It’s no wonder that I am obsessed with chocolate to the point where my cakes, I have to admit, often tend to include chocolate in one way or another. There’s something about cooking with chocolate which makes you feel instantly happy. And as cheesy as this may sound, it’s actually true.
This cake comes from Willie Wonky’s Chocolate Factory, a book I (partly) translated for my Master’s summer project. In a nutshell, the author, Willie Harcourt-Cooze, emigrates to Venezuela with his wife and starts a chocolate business there, which he then exports to the UK. This cake reminds of the darkness and depth of the cloud forest, hence its name. If you’re as much of a chocoholic as I am, you will love it. It’s rich, intense and satisfactory, just all you need from a chocolate cake.
I have slightly adapted the recipe by making it more feasible. The cocoa bars the author produces are really expensive and can only be found in some retailers, so I decided to substitute that with a good dark chocolate with high cocoa content. Please be aware that milk chocolate here simply won’t work. You need a sturdy chocolate with plenty of cocoa inside to keep the cake in its shape.
Ingredients
- 200g good quality dark chocolate (70% cocoa solids or more) + 100g
- 250g unsalted butter
- 125g golden caster sugar + 75g
- 50g light muscovado sugar
- 6 eggs
- 100g ground almonds
- 300ml double cream
Method
- Break the chocolate into small pieces and dice the butter. Tumble them together in a heatproof bowl and set that over a pan of simmering water. Don’t let the bowl touch the water and don’t whack up the heat to boil the water or you’ll make a mess. Melt slowly and stir occasionally until fully incorporated and glossy.
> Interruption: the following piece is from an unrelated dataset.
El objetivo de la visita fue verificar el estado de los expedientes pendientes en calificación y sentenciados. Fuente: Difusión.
Set aside and leave to cool for about 20 minutes.
- While you wait for the chocolate mixture to cool down, you can grease and line a 25cm springform tin with baking parchment.
- Once that is done, put the two sugars (muscovado + 125g of golden caster) into a bowl and mix well.
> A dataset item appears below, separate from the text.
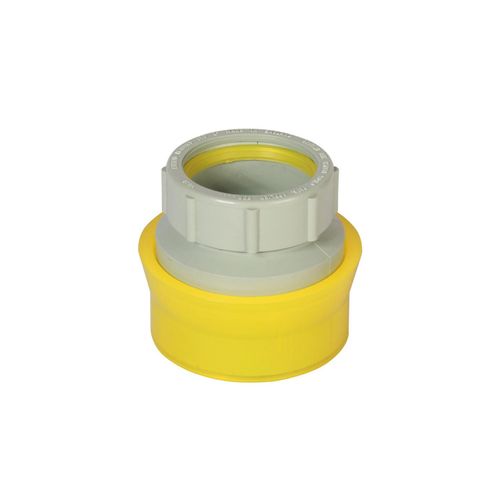 Main product image of 3" x 2" Labline Flame Retardant Polypropylene Acid Waste Loose Nut Reducing Coupling, W3932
- In a bigger bowl, break the first egg and whisk using electric beaters (you can do this by hand, but it will take you ages) until foamy and pale. Slowly add some of the sugar and keep on whisking to combine. Keep on alternating one egg and the rest of the sugar mixture, beating well after each addition, until the eggs have turned into a foamy and pale mixture.
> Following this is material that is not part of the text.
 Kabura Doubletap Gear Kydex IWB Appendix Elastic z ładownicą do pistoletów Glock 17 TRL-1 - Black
- Pre-heat the oven at 180 degree Celsius.
- Slowly pour in the chocolate mixture and add the ground almonds, then mix well until the whole egg mixture turns a dark chocolate colour.
- Pour into the greased and lined springform tin and bake for about 40 minutes. Check whether the cake is cooked through by using a skewer (or one spaghetti) and piercing the middle of the cake. If it comes out clean, then move on.
- Once the cake is cooked, take it out of the oven, leave it in the tin and put it on a cooling rack.
- While the cake cools down, you can start making the chocolate ganache, which is dead easy. Mix the remaining golden caster sugar with the double cream in a small saucepan and gently warm up, stirring occasionally, until the mixture turns a slightly golden colour.
- Take off the heat and tumble in the chocolate, broken into pieces. Leave to stand for a good 3 minutes, then stir until the chocolate is completely dissolved. Put aside and leave to cool completely.
- You will probably need a good 30 to 40 minutes for the cake and the ganache to cool down. Run a round bladed knife (a palette would do as well) around the edge of the tin to release the cake, then unmould and turn upside down on a serving platter. Peel off the baking parchment and then cover with the ganache.
Tips
- Once the cake is iced, you are better leaving it to cool completely for another good hour. Do not put into the fridge as it tends to go a bit too solid.
- The ganache can be avoided and you can simply cover the cake in dusted cocoa or icing sugar or, why not, with the grated zest of an orange.
- This is a flourless cake, the ground almonds helps binding the eggs and giving it structure.
- make sure you beat well the eggs and you don’t knock much air out when incorporating the chocolate and the ground almonds, or the cake won’t rise. With that in mind, you are better slowly pouring the chocolate near the edge of the bowl, so as to avoid weighing the eggs down in the middle.